Here’s the Excerpt from my novella “Winter Homecoming.” If you enjoy it, please tell a friend!
Chapter One
Christmas Day, 1930
Why couldn’t life go according to plan? In the stark moonlight at the railroad freight yard, Will Gustafson sheltered his ears in his upturned collar against the bitter December wind. They called Chicago the Windy City and they weren’t wrong. In the distance he heard an engine idling. Relief flickered within him. Even late on Christmas Day, the trains were running.
At least something in this country was still working. He’d hoped the feared railroad guards or “bulls” he’d read about in the Tribune would be busy celebrating in their warm office and he could make his escape without meeting them. He didn’t know how to jump a freight, but he’d learn how tonight.
His nearly empty stomach clenched and cold regret had clotted in his throat.. He’d given up trying to swallow it down. In a cloth sack over one shoulder, he carried all that was left of the life he was leaving. He listened in the wind for harsh voices, for the bark of the guard dogs he’d read could savage a man. Icy fear settled in the pit of his stomach.

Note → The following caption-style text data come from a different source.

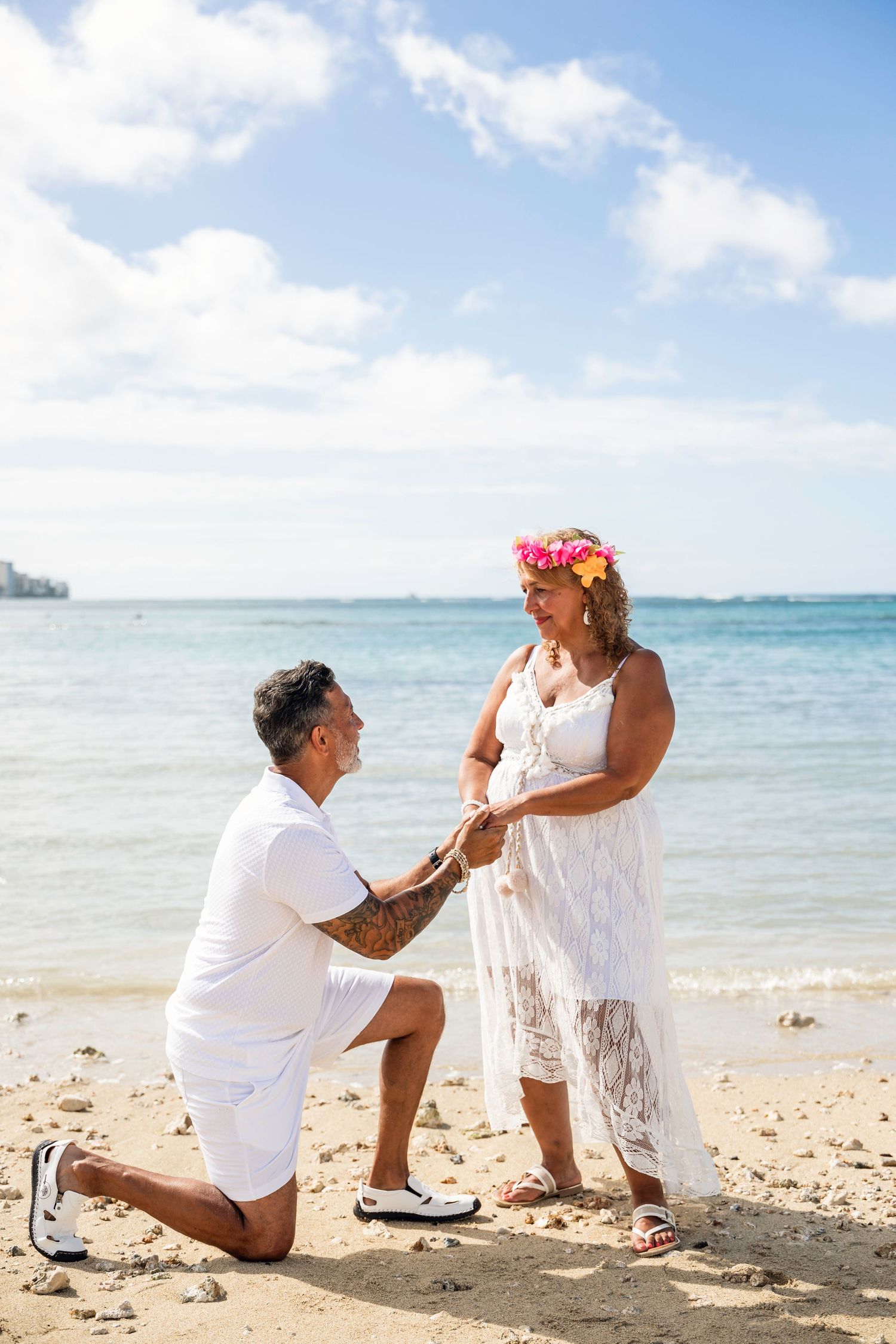 Man proposing on one knee to woman in white dress and floral crown on a sunny tropical beach.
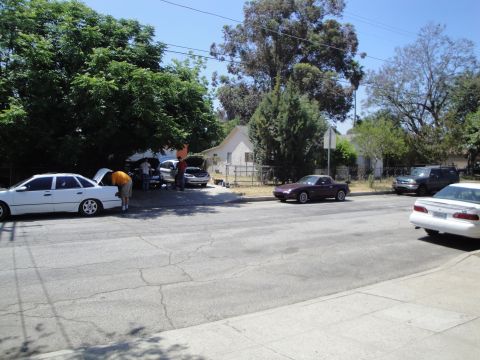 2003 Ford Taurus - Several vehicles are parked on a residential street with their hoods open.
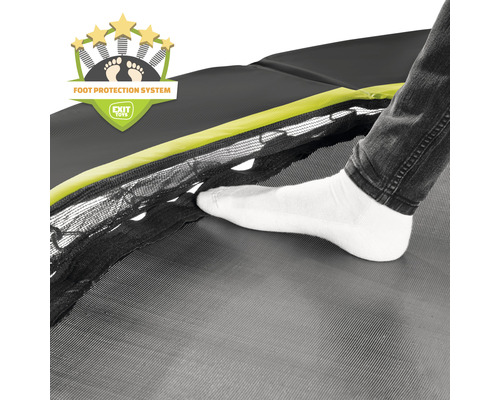 Närbild av en studsmatta med fotskyddssystem och en persons fot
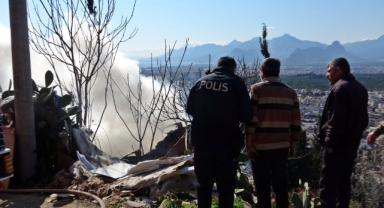 Evinin yanışını çaresiz gözlerle izledi
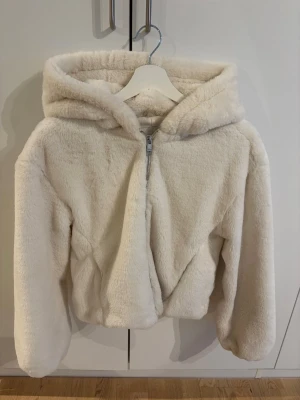 Vit teddyjacka med huva - Supermjuk och fluffig teddyjacka i vit färg med dragkedja framtill och stor huva. Jackan har en avslappnad passform och långa ärmar, perfekt för kalla dagar. Tillverkad i fuskpäls som ger en cozy vibe.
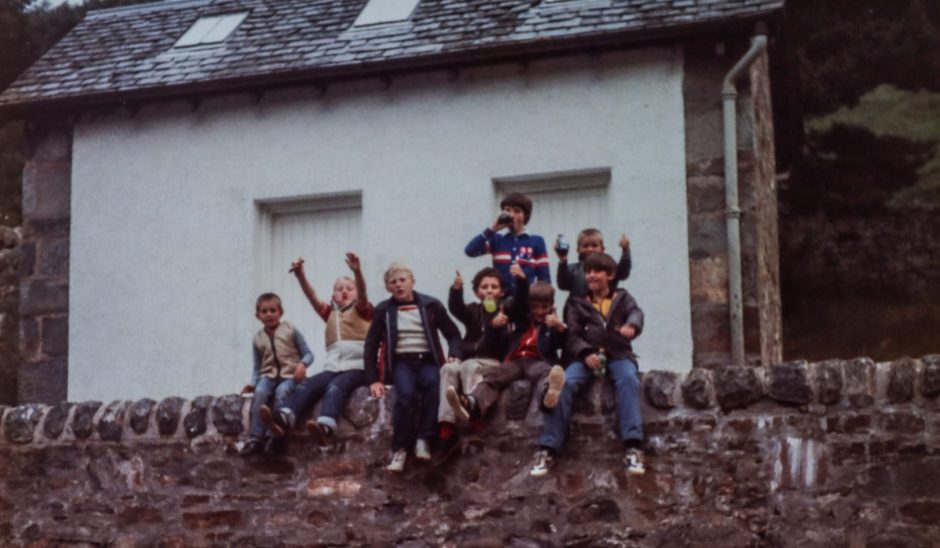 members of the 5-11 Club sitting on a wall at Kinloch Rannoch in July 1981.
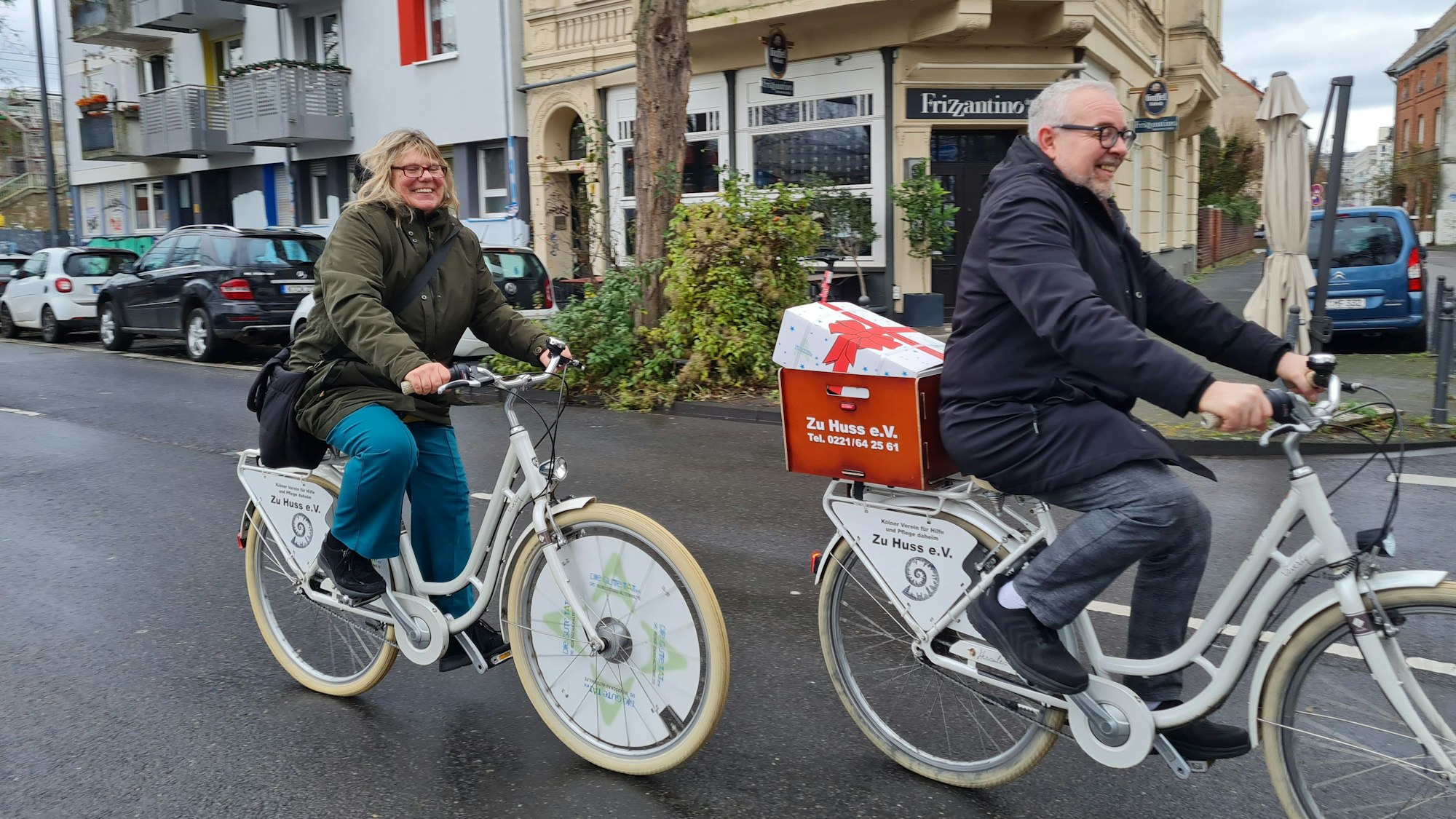 Dietmar Saxler und Erika Fehring von „Zu Huss e.V.“ überbringen mit Fahrrädern der Rundschau-Altenhilfe ein Altenhilfe-Paket.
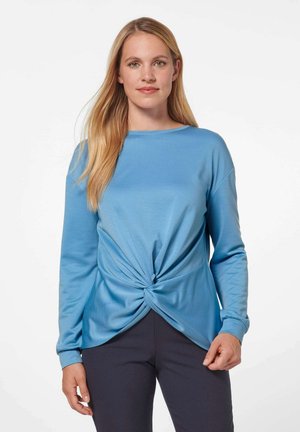 Lichtblauw langwerpig shirt met een knoopdetail bij de taille, voorzien van een ronde halslijn en zachte stof, gecombineerd met donkere broek.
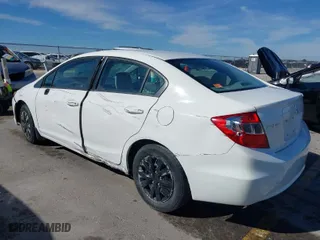 2012 Honda Civic Sdn LX with VIN 2HGFB2F56CH583212, listed as a IAAI auction lot 40943390 with 90,593 mi miles. Bid and sale history available at carsss.com. Image 3.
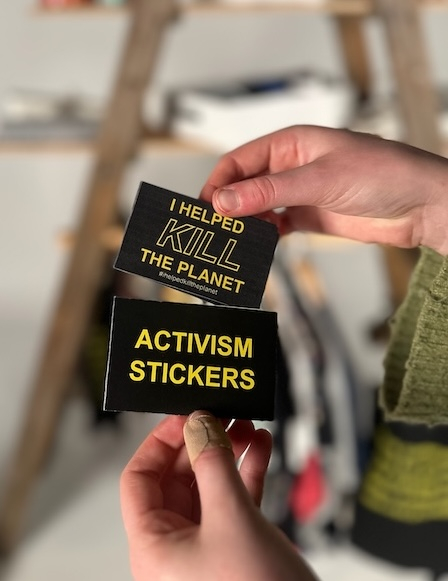 Sticker pack in front of The Museum of Overconsumption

His mind brought up a memory as bitter as the wind—a beautiful woman in a summer dress, laughing at him. He shoved it away and moved silently through the shadows of the parked freight cars toward the idling engine, slipping soundlessly as if on the hunt for an elusive twelve-point buck.
His ears caught the subtle sound of footsteps on frozen ground. Will stiffened, ready to run, ready to fight.
“Hey,” a man whispered, “gonna flip a train?”
“Yeah,” Will whispered back, hoping flip meant jump.
“Then you better follow me.” A scarf and battered hat pulled down against the wind hid the man’s face. “There’s a train leavin’ in a few minutes but we gotta hustle to make it.”
Will started hustling. “Where’s the train headed?”
“Does it matter?”
“Yes, I’m headed north toward home.”
“Home.” The man spat the word like a curse. “You got one to go to?”
Will didn’t reply. He didn’t want to go home to humiliation and “I told you so’s” but he could survive there, hunting and fishing.
“Come on,” the stranger said. “Hustle.” At a breathless pace the man led Will through the maze of track and freight cars, the idling engine sounding closer.
The snarling of a dog split the wind.
The stranger pushed Will into the shadow of a freight car. They huddled there. Will’s heart pounded. But the dog, wherever it was, barked no more.
“Come on,” the stranger hissed. “Guess it’s too cold for the bulls or their dogs.”
And ahead in the moonlight Will glimpsed big wheels beginning to turn. He and the man zigzagged through the shadows and over tracks to the train just rolling.
Will moved to catch one of the handholds.
The stranger held him back. “Wait,” he snapped. “The bulls watch the trains leavin’. Has to be goin’ fast enough they won’t try to drag a man off. Too dangerous for them.”
And more dangerous for us. Will’s pulse sped up, keeping pace with the sound of the wheels on the track.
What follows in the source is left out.